- _TASK DETAILS_
Keep the pictures out of the copy and repeat the records exactly.

[ENTRIES SHOWN]

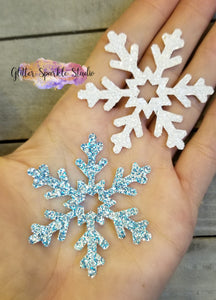 3 Piece Snowflake with Star Center Steel Rule Die for earring, appliques or snap clips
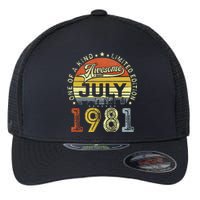 Vintage July 1981 Limited Edition 42nd Bday 42 Years Old Flexfit Unipanel Trucker Cap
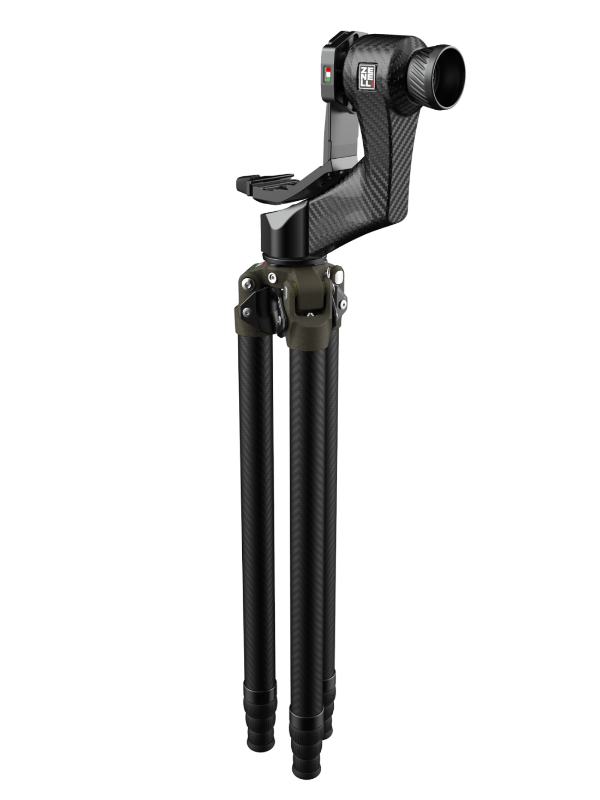 carbon tripod and gimbal kit close-up lightweight setup
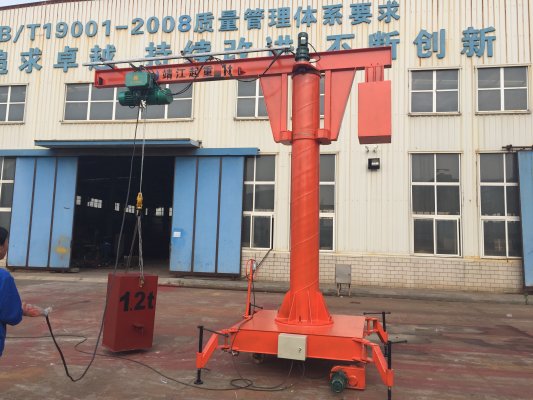 移動(dòng)式旋臂起重機的安全防護功能 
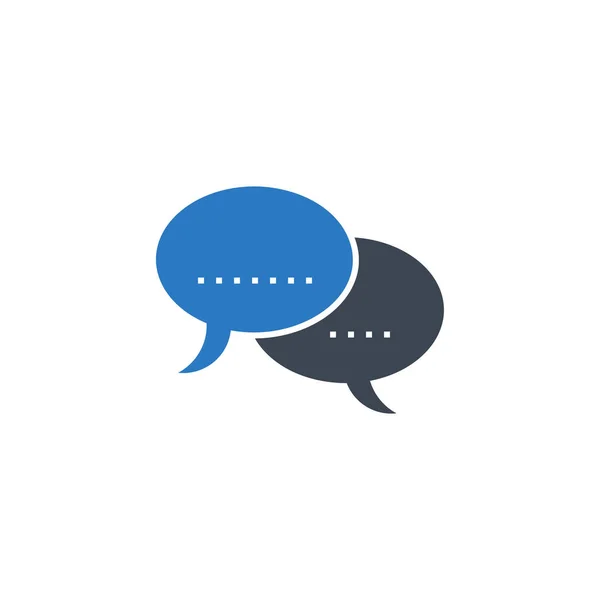 Speech Bubble Platte gerelateerde vector glyph pictogram. — Stockvector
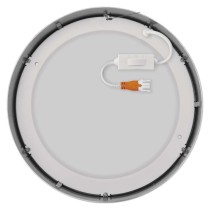 LED šviestuvas NEXXO šlifuoto nikelio, 22,5 cm, 21 W, šiltai / neutraliai baltas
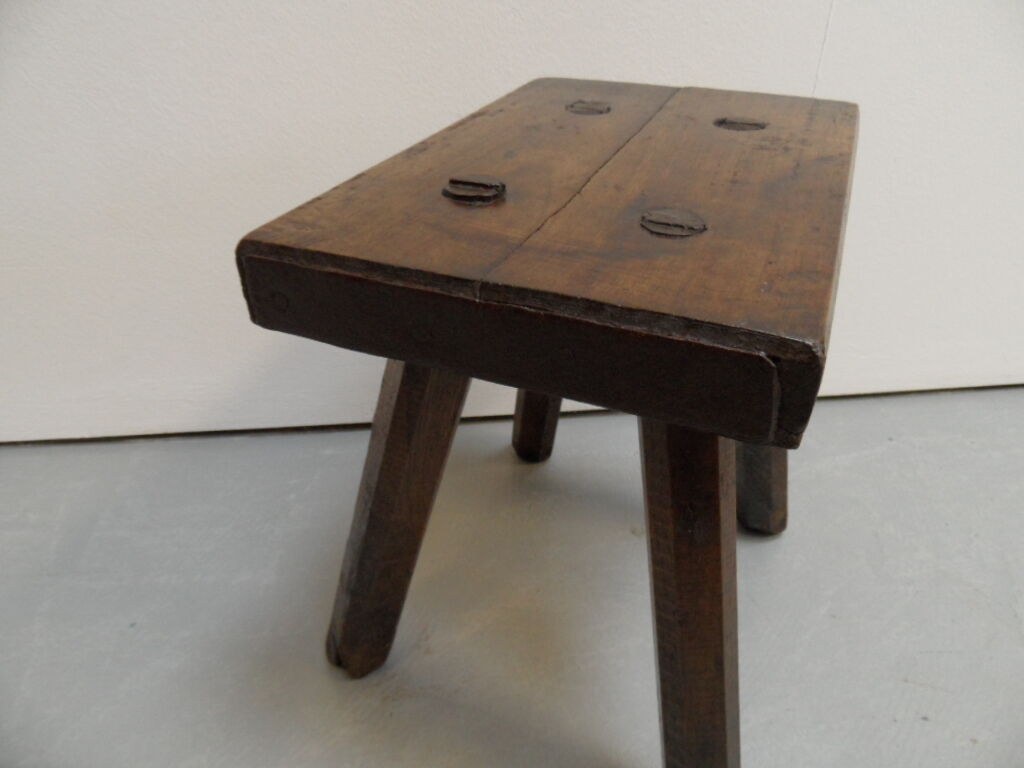Antique milk stool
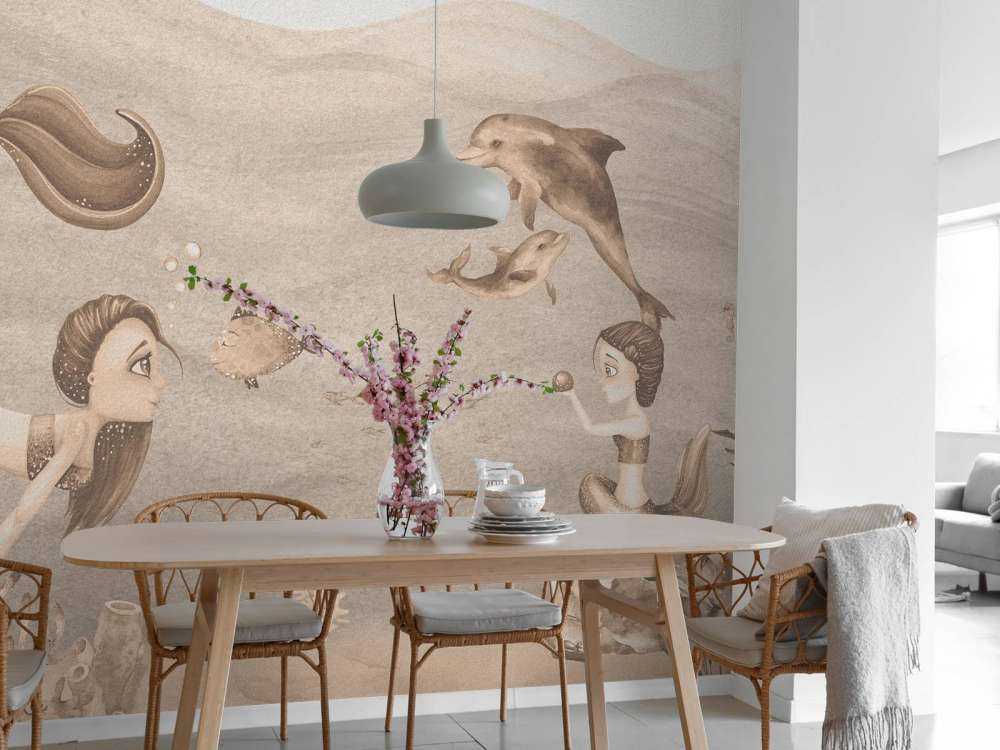 Meerjungfrauenwelt in Taupe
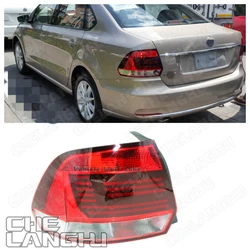 Taillight For VW Polo Vento Sedan 2016 2017 2018 2019 car-styling Rear Light Tail Lamp Turn Light Without Bulbs 6RU945096L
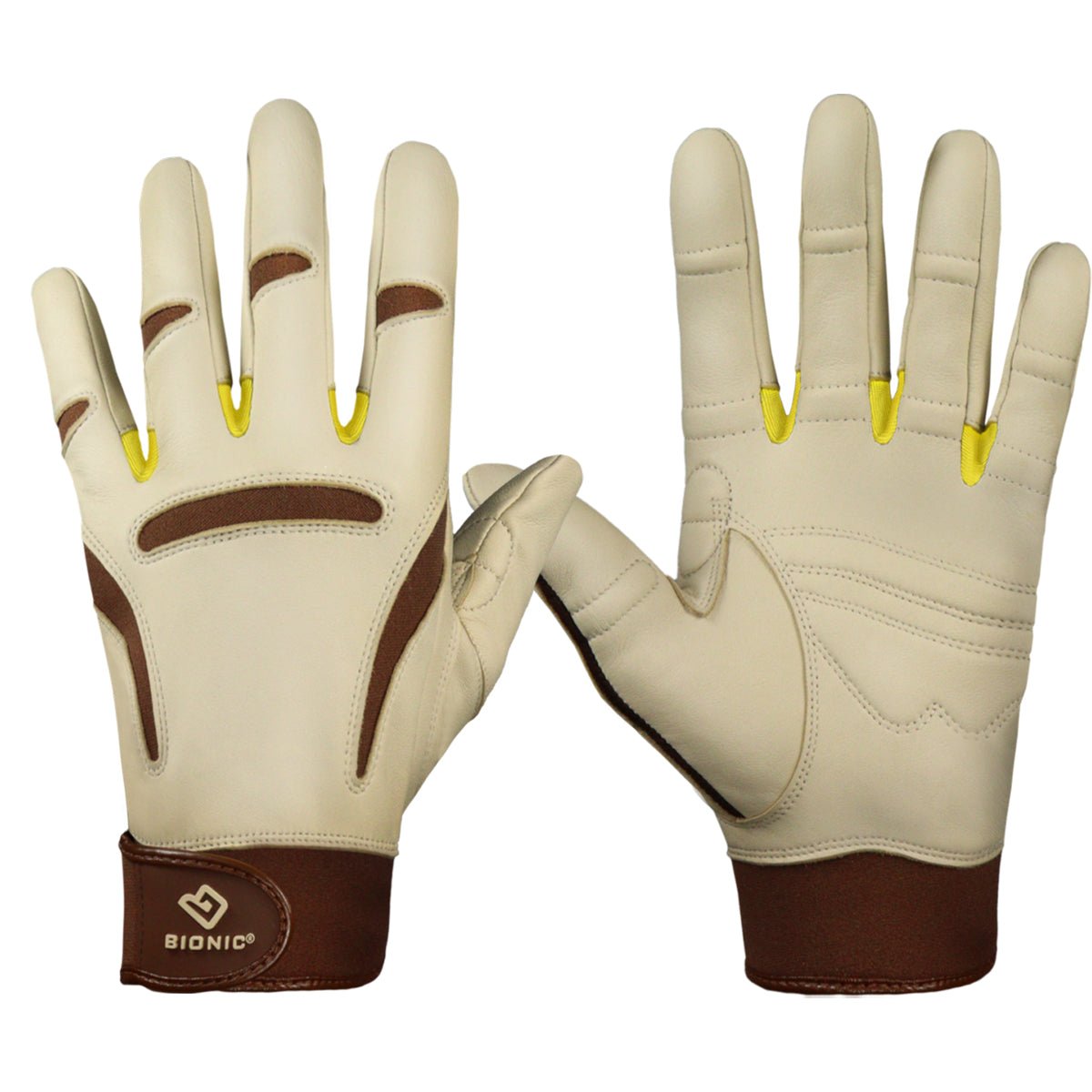 Bionic Women's Classic Grip 2.0 Gardening and Outdoor Work Gloves - Tan - Forza Sports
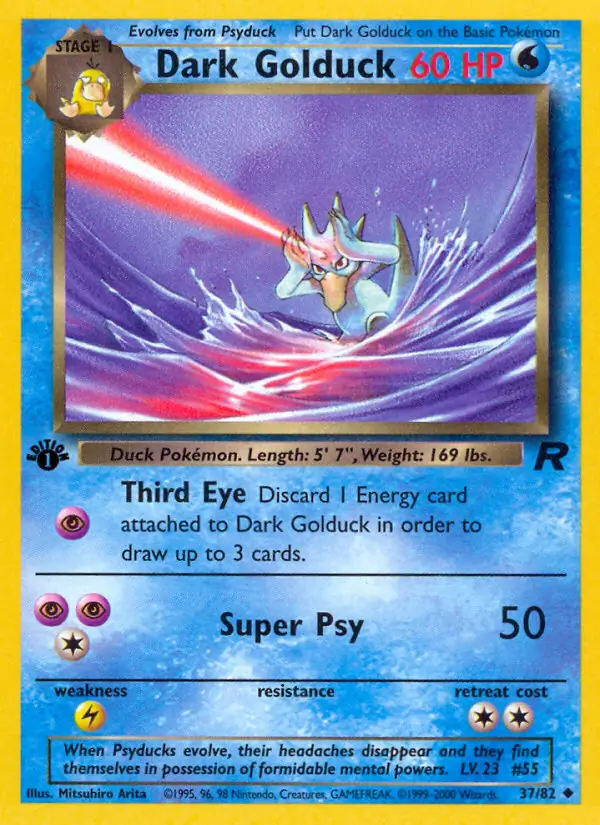 Dark Golduck Team Rocket 37/82 Uncommon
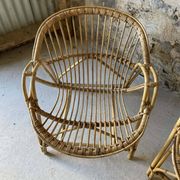 Vintage 1970s wicker armchair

[/ENTRIES SHOWN]

- _ANSWER TO THE PROBLEM_
 3 Piece Snowflake with Star Center Steel Rule Die for earring, appliques or snap clips
 Vintage July 1981 Limited Edition 42nd Bday 42 Years Old Flexfit Unipanel Trucker Cap
 carbon tripod and gimbal kit close-up lightweight setup
 移動(dòng)式旋臂起重機的安全防護功能 
 Speech Bubble Platte gerelateerde vector glyph pictogram. — Stockvector
 LED šviestuvas NEXXO šlifuoto nikelio, 22,5 cm, 21 W, šiltai / neutraliai baltas
Antique milk stool
 Meerjungfrauenwelt in Taupe
 Taillight For VW Polo Vento Sedan 2016 2017 2018 2019 car-styling Rear Light Tail Lamp Turn Light Without Bulbs 6RU945096L
 Bionic Women's Classic Grip 2.0 Gardening and Outdoor Work Gloves - Tan - Forza Sports
 Dark Golduck Team Rocket 37/82 Uncommon
 Vintage 1970s wicker armchair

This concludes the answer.